The largest study to date involving ranibizumab for macular edema following BRVO (BRAVO study) found that an intraocular injection of 0.3 or 0.5 mg of ranibizumab provided a rapid, effective treatment for macular edema due to BRVO.14 The BRAVO study utilized a monthly injection of ranibizumab for 6 months, with an option of rescue laser beginning from three months, if eligible.14 Rescue laser eligibility was defined as clearing of hemorrhage with visual acuity of <6/12 or CFT >250 microns.14 In the present study however, a different protocol was used. All patients received anti-VEGF agents at the first visit, followed by laser after 7-10 days as soon maximal effect of anti-VEGF agent was expected. This was performed on the following two premises; first, to reduce the number of intravitreal injections required, thereby reducing the cost of treatment and circumventing potential adverse effects of intravitreal injections; secondly, to provide a reduction in vascular leakage by photocoagulating the areas of leakage to create a prolonged and sustained effect.

The degree of improvement in visual acuity and reduction in CFT in the present study, where intravitreal ranibizumab was used was comparable to the BRAVO study14 despite different treatment protocols between studies.

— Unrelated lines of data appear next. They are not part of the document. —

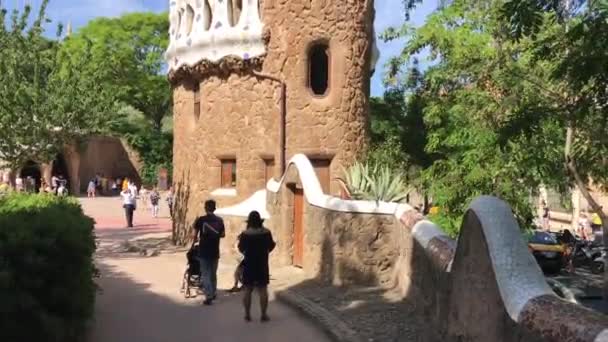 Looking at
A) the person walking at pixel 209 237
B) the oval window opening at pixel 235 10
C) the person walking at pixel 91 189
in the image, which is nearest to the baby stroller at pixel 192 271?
the person walking at pixel 209 237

Although several studies have found intravitreal bevacizumab to be effective in reducing macular edema secondary to BRVO, to our knowledge no study has compared the efficacy of intravitreal ranibizumab and bevacizumab. Intravitreal ranibizumab appeared more effective than bevacizumab in terms of ≥3 line visual gain of Snellen acuity at the 1 month, 3 months, and 6 months follow-up visits [Table 1]. However reduction in CFT in patients treated with ranibizumab, compared to patients treated with bevacizumab and laser did not produce a statistically significant outcome. The reason for the slightly better results with ranibizumab could be related to the smaller molecular size, allowing rapid penetration through the retinal layers as well as greater affinity for VEGF established by ranibizumab. However the small sample size in our study precludes a definitive conclusion about superiority of ranibizumab.

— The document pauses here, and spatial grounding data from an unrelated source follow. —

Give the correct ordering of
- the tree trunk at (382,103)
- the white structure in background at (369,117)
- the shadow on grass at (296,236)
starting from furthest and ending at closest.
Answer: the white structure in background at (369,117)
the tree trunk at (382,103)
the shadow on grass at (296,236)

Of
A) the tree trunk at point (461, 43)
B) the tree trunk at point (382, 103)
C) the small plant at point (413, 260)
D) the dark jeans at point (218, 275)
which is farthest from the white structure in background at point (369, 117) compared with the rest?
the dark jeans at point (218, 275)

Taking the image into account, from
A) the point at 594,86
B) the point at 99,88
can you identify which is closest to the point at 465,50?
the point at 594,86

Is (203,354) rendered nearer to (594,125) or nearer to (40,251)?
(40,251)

Although laser is the current gold standard for treatment of macular edema due to BRVO, the BVOS9 study found a modest improvement in patients treated with laser photocoagulation. Laser treatment cannot be performed on patients with fresh venous occlusions owing to retinal hemorrhages and it takes several months for the haemorrhages to clear. During this time, severe retinal edema could compromise retinal cells leading to permanent structural damage.

Both improvement in visual acuity and reduction in CFT appeared to be better in eyes that had received intravitreal ranibizumab therapy as compared to eyes treated with laser alone during the entire study.

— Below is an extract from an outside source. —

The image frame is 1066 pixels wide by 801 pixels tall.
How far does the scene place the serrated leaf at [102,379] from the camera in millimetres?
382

In conclusion, both ranibizumab and bevacizumab for macular edema due to BRVO resulted in a gain in visual acuity and a rapid reduction in intraretinal thickness. These anti-VEGF agents could be combined with a more permanent treatment such as laser photocoagulation, which would yield much better results than any single mode of treatment alone. However, a larger sample size and longer follow up to evaluate the observations of this study.